== Exercise requirements ==
Retype, please, the listing from its opening line through the line that contains "Pochette peau crocodile", both included, without the pictures.

== Information given ==
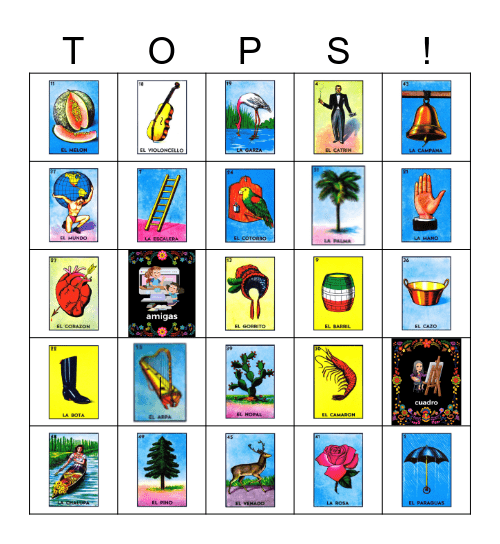 Loteria TOPS Middle Bingo Card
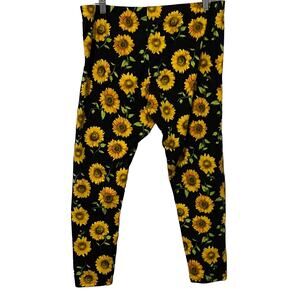 NO BO MID-RISE YOGA ANKLE LEGGINGS WOMENS, XXL(19)-BLACK & YELLOW SUNFLOWERS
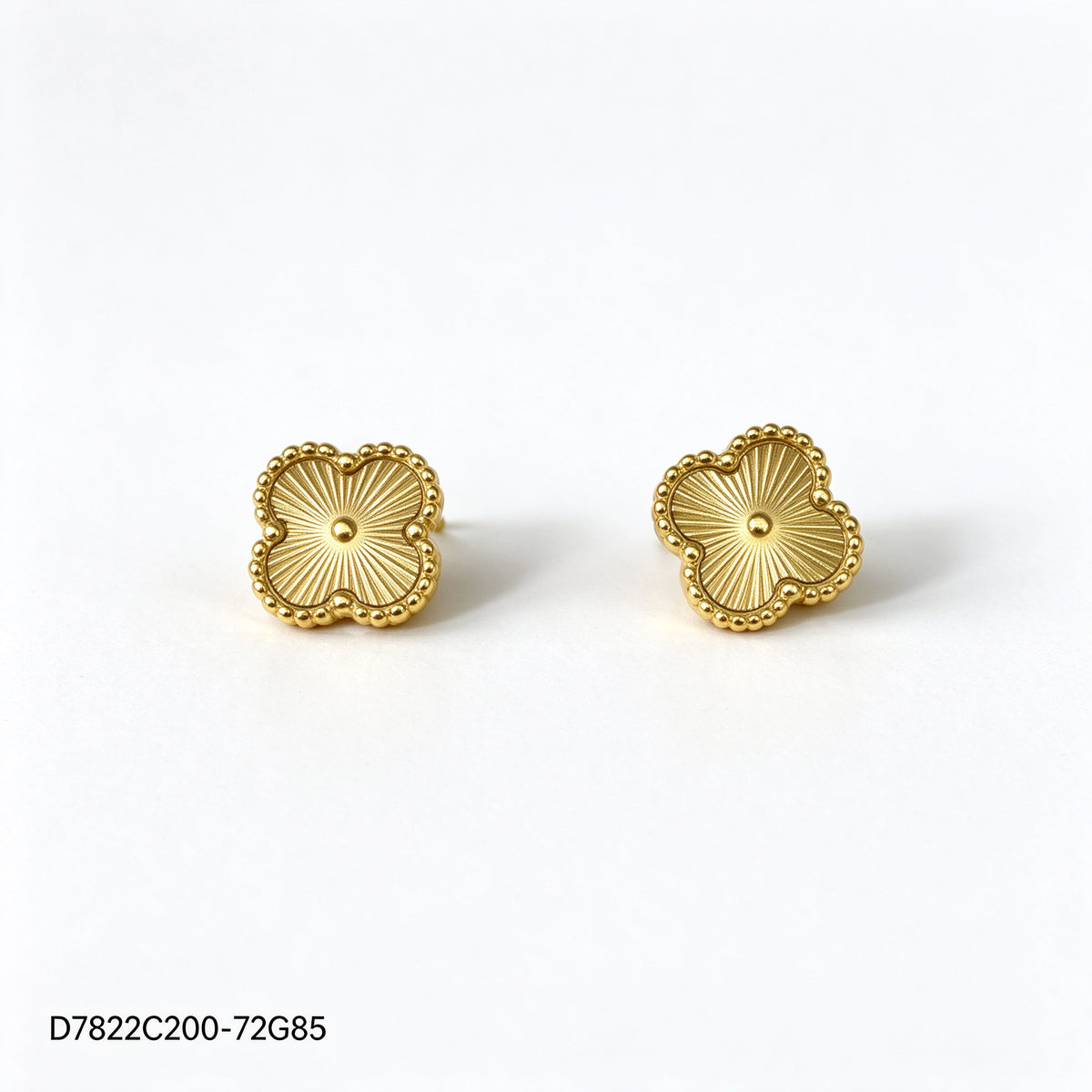 Pendientes Zirconia blanca Dorado Trébol de varias hojas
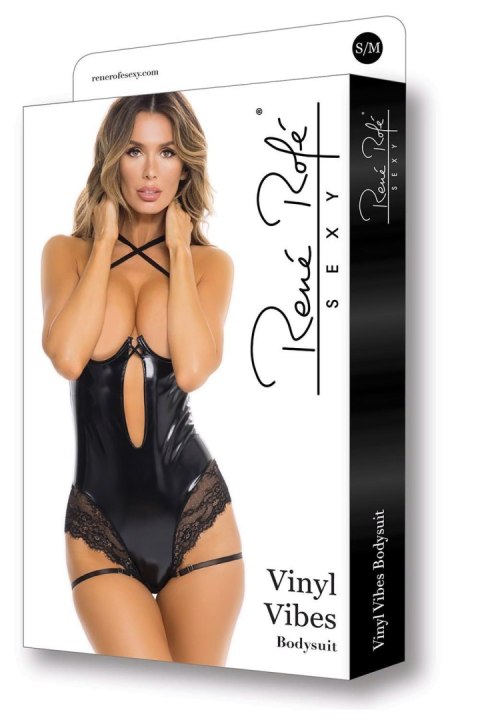 VINYL VIBES TEDDY BLACK, S/M Rene Rofe Lingerie VINYL VIBES TEDDY BLACK, S/M Rene Rofe Lingerie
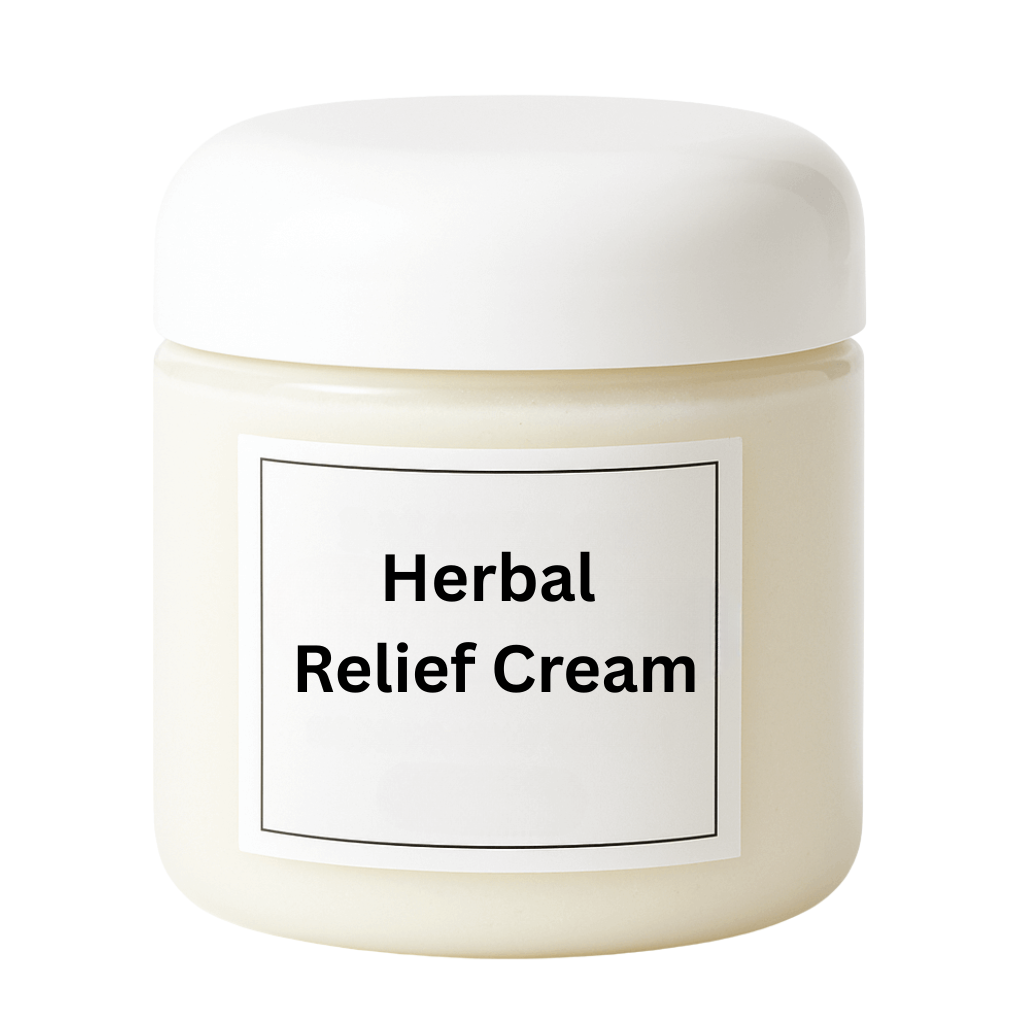 Herbal Relief Cream container with a white lid and label showcasing the product name.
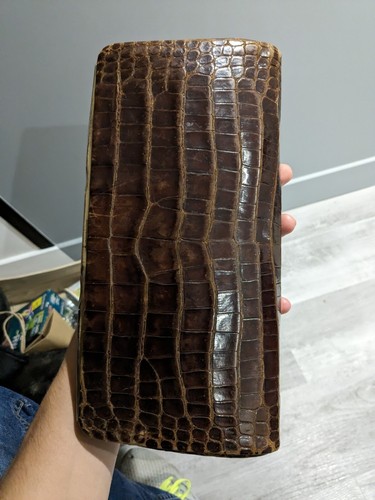 Pochette peau crocodile - peau,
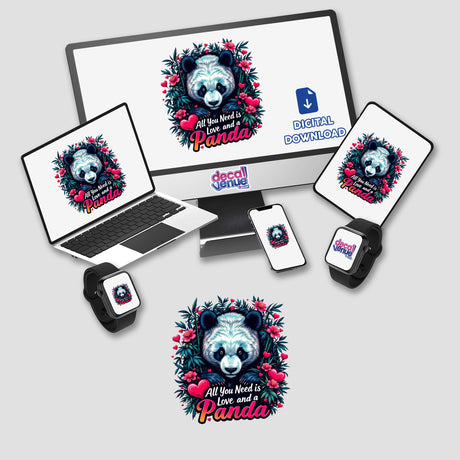 Panda Love design featuring a panda with flowers on a computer monitor and laptop, available as stickers or digital artwork from Decal Venue.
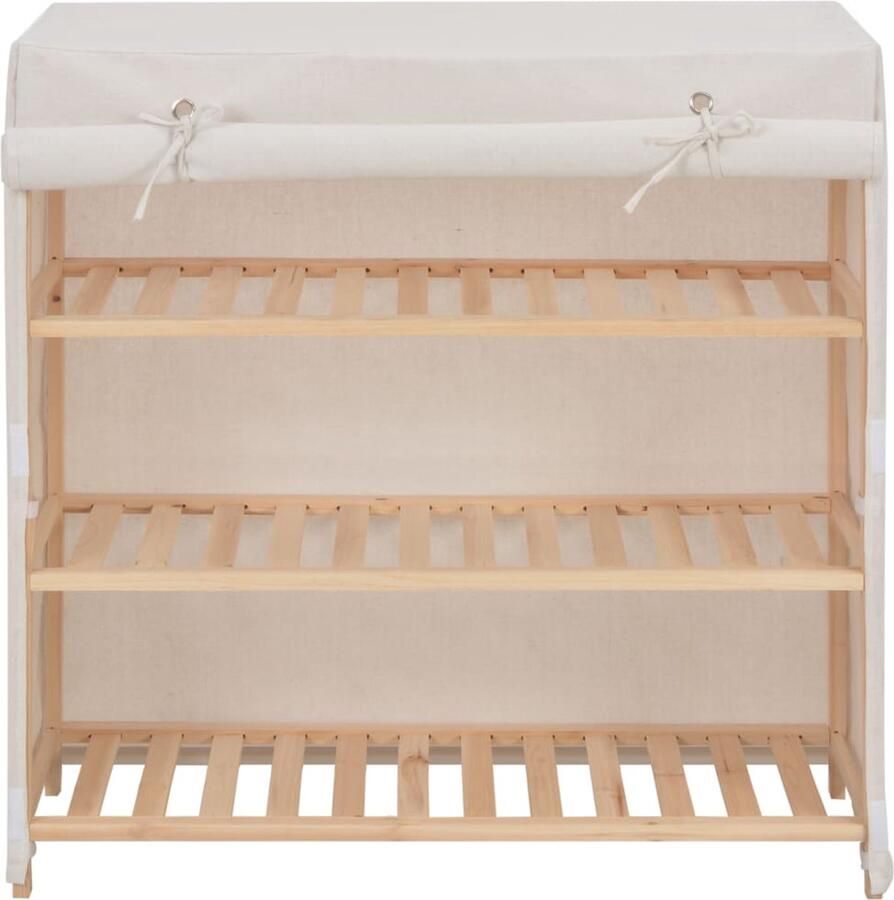 VidaXL Schoenenkast 3 lagen 79x40x80 cm Wit Schoenenkast Schoenen Organisatie Bergruimte Entree Kast Kleding Organizer Witte Meubels Modern Design Houten Frame Katoenen Stof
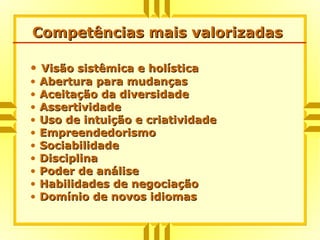 Competências mais valorizadasCompetências mais valorizadas
• Visão sistêmica e holísticaVisão sistêmica e holística
• Abertura para mudançasAbertura para mudanças
• Aceitação da diversidadeAceitação da diversidade
• AssertividadeAssertividade
• Uso de intuição e criatividadeUso de intuição e criatividade
• EmpreendedorismoEmpreendedorismo
• SociabilidadeSociabilidade
• DisciplinaDisciplina
• Poder de análisePoder de análise
• Habilidades de negociaçãoHabilidades de negociação
• Domínio de novos idiomasDomínio de novos idiomas
 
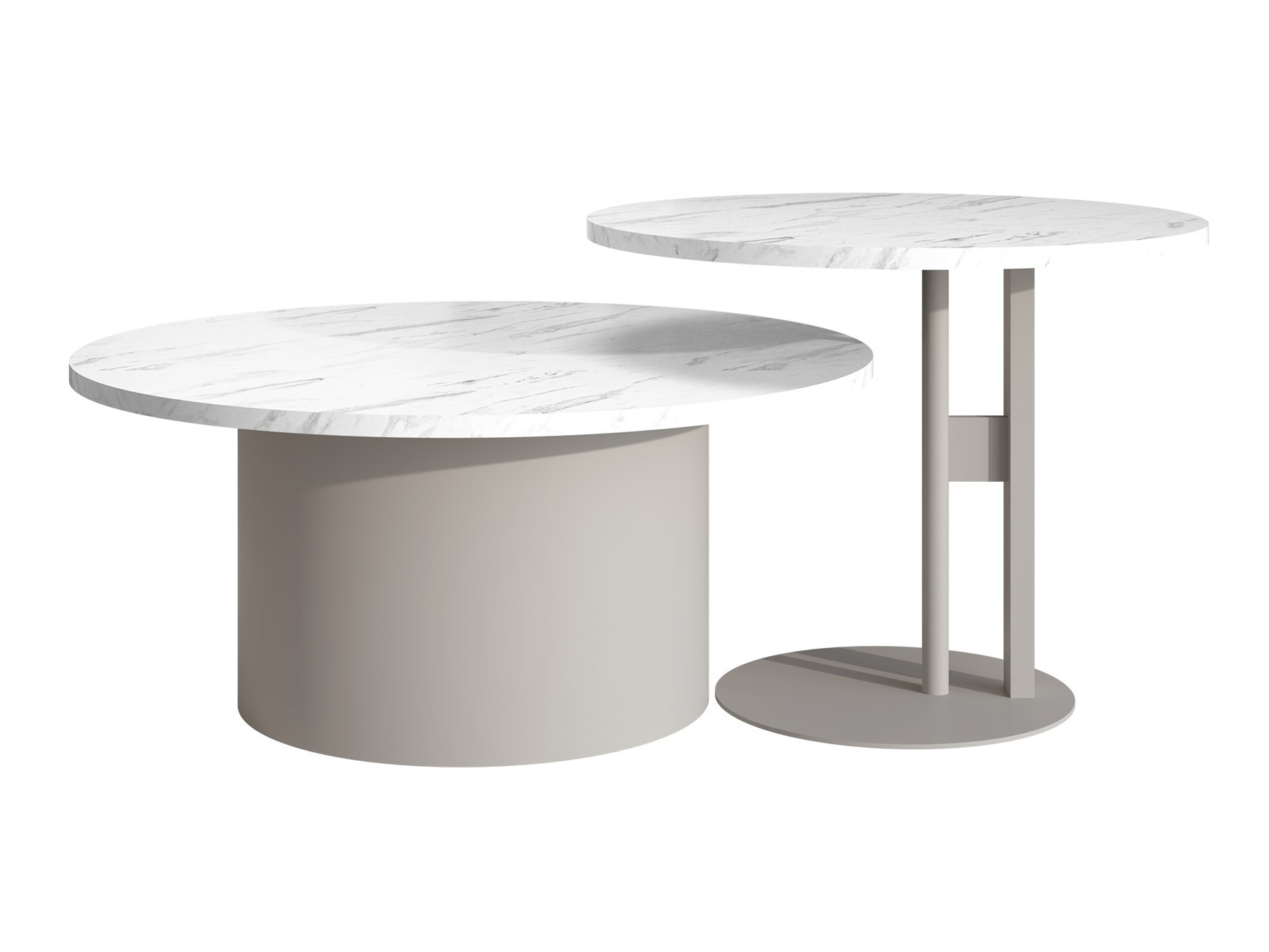 Salontafel set Oswego 160 (Wit marmer)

== Answer area ==
 Loteria TOPS Middle Bingo Card
 NO BO MID-RISE YOGA ANKLE LEGGINGS WOMENS, XXL(19)-BLACK & YELLOW SUNFLOWERS
 Pendientes Zirconia blanca Dorado Trébol de varias hojas
 VINYL VIBES TEDDY BLACK, S/M Rene Rofe Lingerie VINYL VIBES TEDDY BLACK, S/M Rene Rofe Lingerie
 Herbal Relief Cream container with a white lid and label showcasing the product name.
 Pochette peau crocodile - peau,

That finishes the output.